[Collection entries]
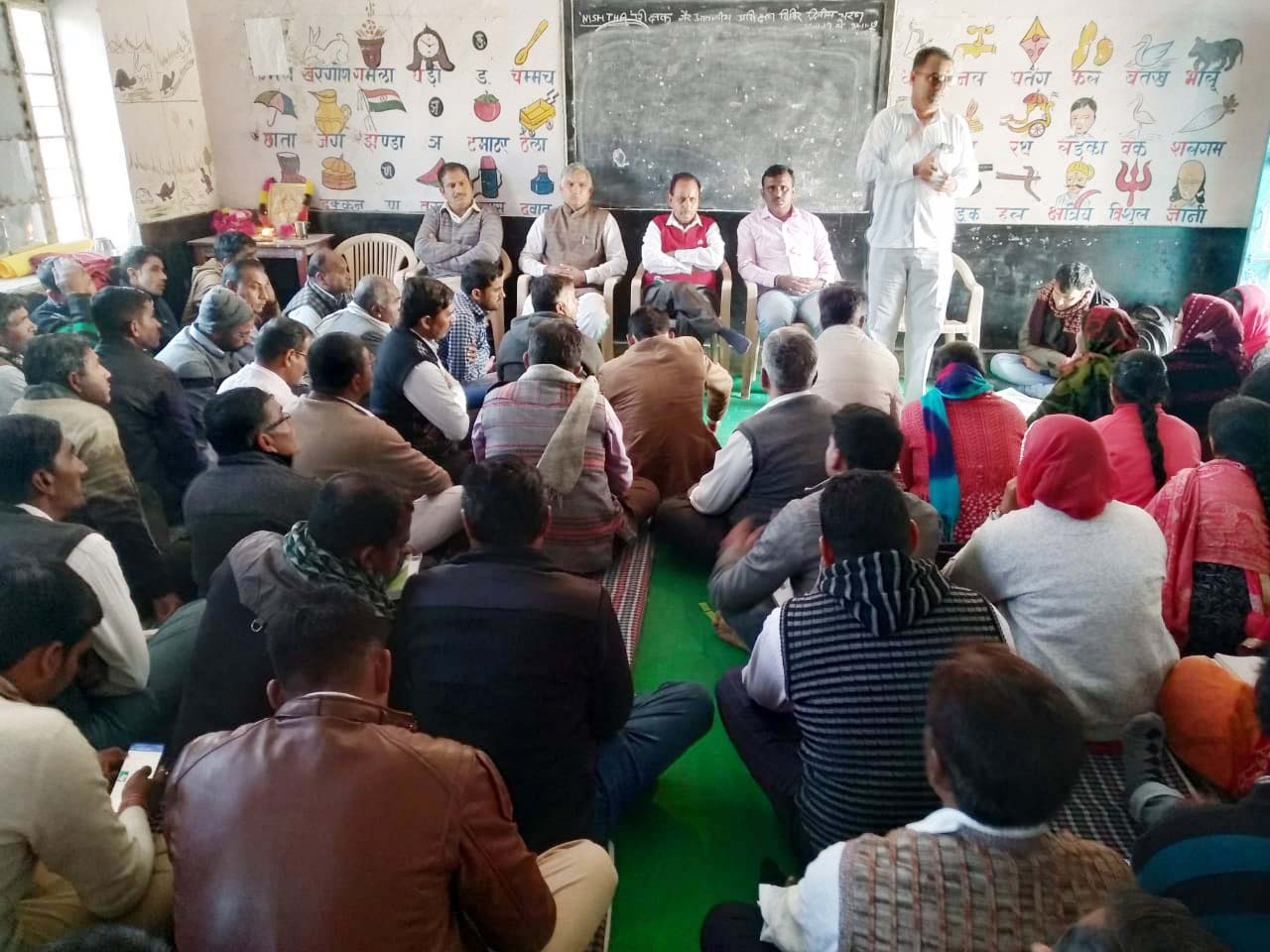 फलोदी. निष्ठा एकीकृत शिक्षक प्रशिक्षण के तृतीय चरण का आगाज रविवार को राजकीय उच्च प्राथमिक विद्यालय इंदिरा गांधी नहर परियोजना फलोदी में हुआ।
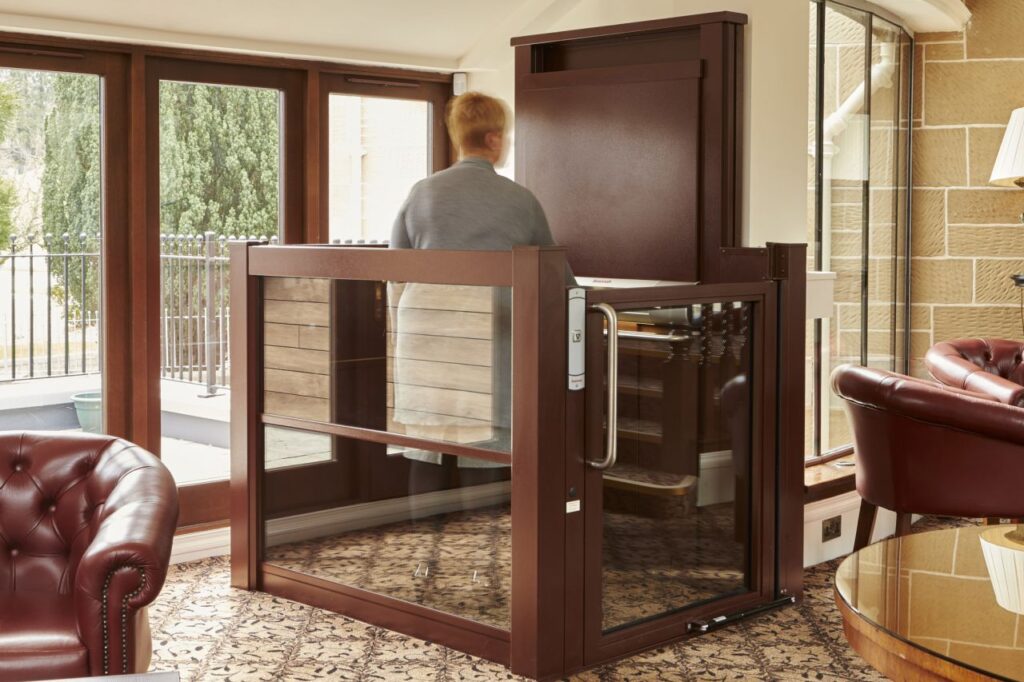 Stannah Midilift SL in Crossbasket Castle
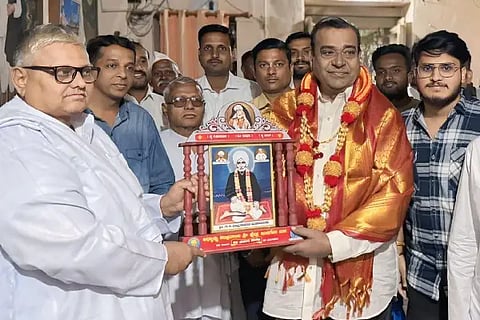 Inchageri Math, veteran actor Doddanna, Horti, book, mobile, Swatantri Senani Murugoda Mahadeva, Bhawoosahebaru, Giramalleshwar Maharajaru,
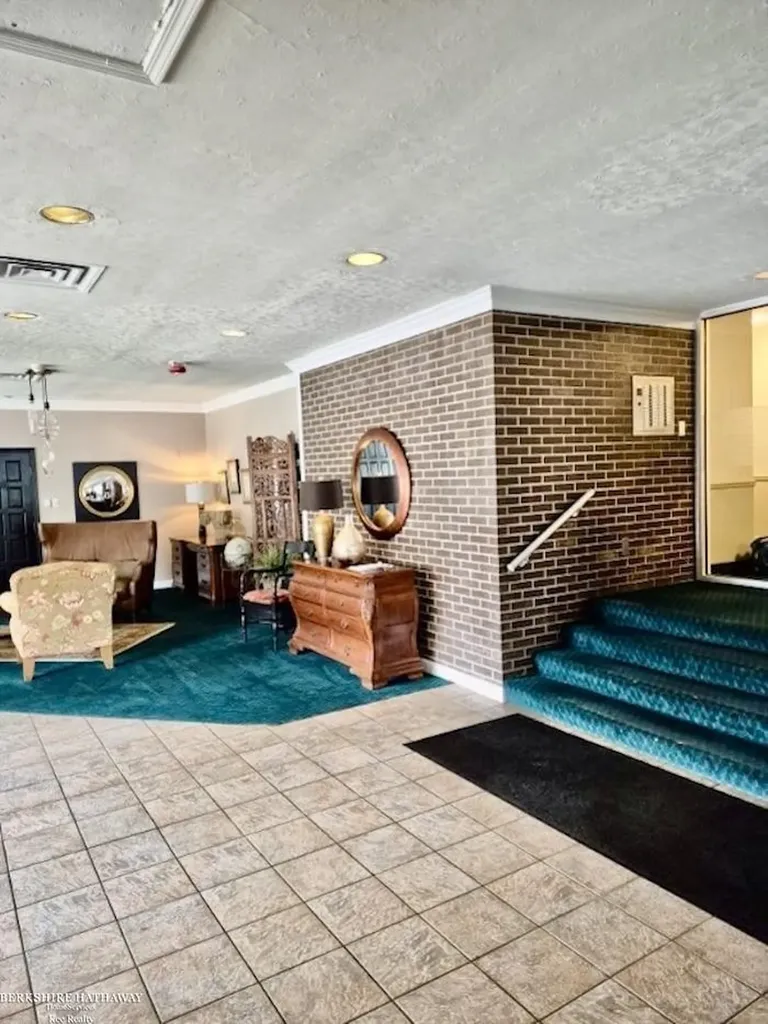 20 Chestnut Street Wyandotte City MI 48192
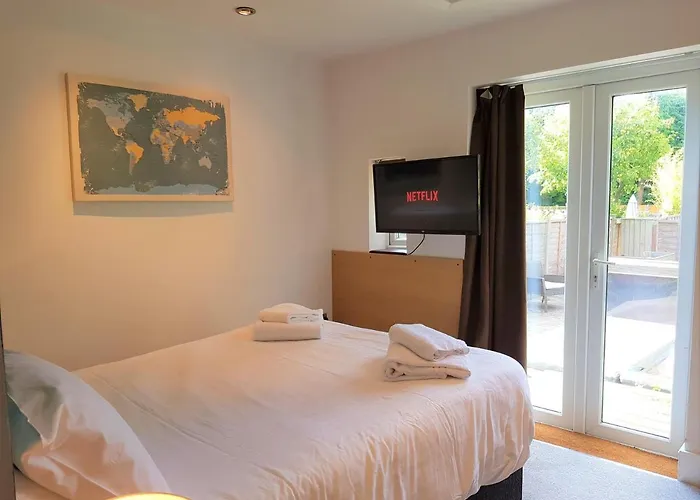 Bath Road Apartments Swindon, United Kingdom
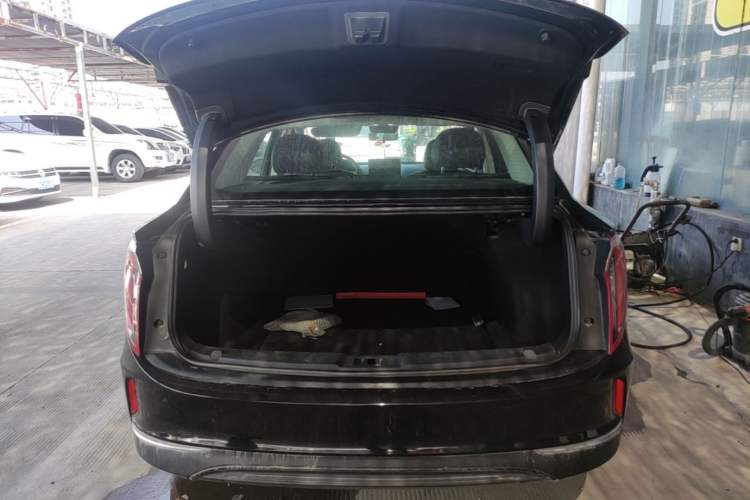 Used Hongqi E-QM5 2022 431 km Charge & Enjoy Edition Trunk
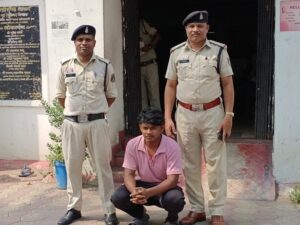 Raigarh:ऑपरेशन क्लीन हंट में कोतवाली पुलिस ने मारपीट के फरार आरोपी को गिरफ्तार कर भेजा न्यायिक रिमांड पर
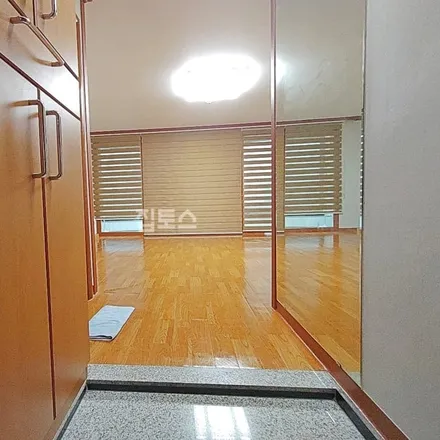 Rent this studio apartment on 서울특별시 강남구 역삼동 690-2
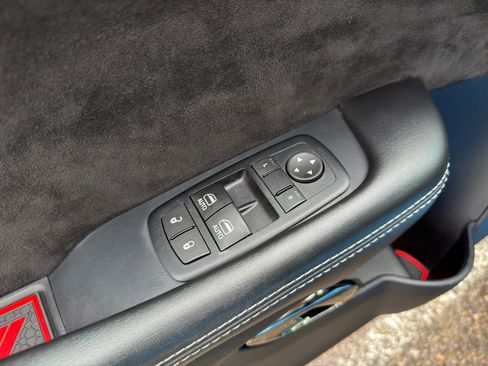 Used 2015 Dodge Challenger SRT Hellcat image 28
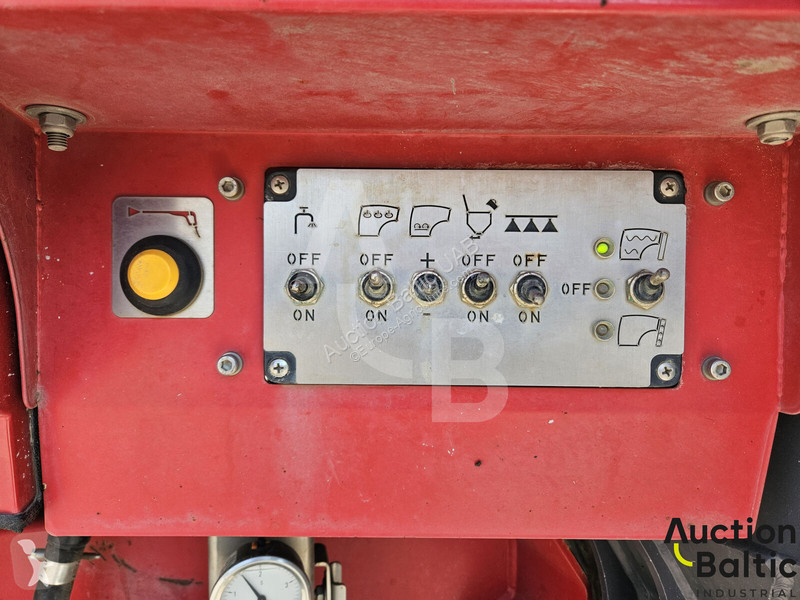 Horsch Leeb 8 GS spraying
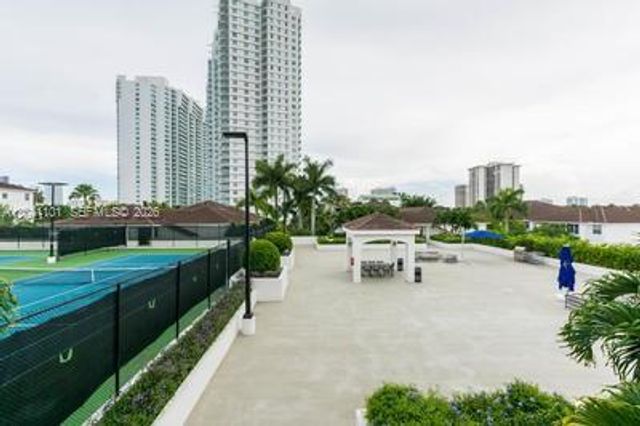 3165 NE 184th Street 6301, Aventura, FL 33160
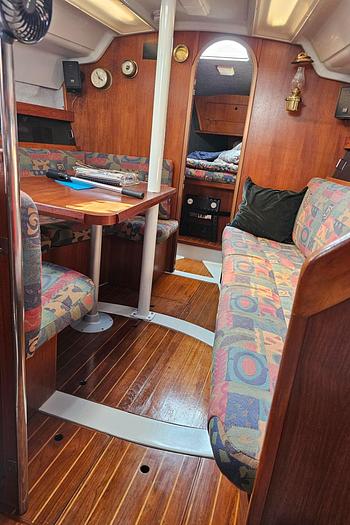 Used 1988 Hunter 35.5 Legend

■ What you should do: Output every entry word for word, but omit the pictures.

■ The completed task:
 फलोदी. निष्ठा एकीकृत शिक्षक प्रशिक्षण के तृतीय चरण का आगाज रविवार को राजकीय उच्च प्राथमिक विद्यालय इंदिरा गांधी नहर परियोजना फलोदी में हुआ।
 Stannah Midilift SL in Crossbasket Castle
 Inchageri Math, veteran actor Doddanna, Horti, book, mobile, Swatantri Senani Murugoda Mahadeva, Bhawoosahebaru, Giramalleshwar Maharajaru,
 20 Chestnut Street Wyandotte City MI 48192
 Bath Road Apartments Swindon, United Kingdom
 Used Hongqi E-QM5 2022 431 km Charge & Enjoy Edition Trunk
 Raigarh:ऑपरेशन क्लीन हंट में कोतवाली पुलिस ने मारपीट के फरार आरोपी को गिरफ्तार कर भेजा न्यायिक रिमांड पर
 Rent this studio apartment on 서울특별시 강남구 역삼동 690-2
 Used 2015 Dodge Challenger SRT Hellcat image 28
 Horsch Leeb 8 GS spraying
 3165 NE 184th Street 6301, Aventura, FL 33160
 Used 1988 Hunter 35.5 Legend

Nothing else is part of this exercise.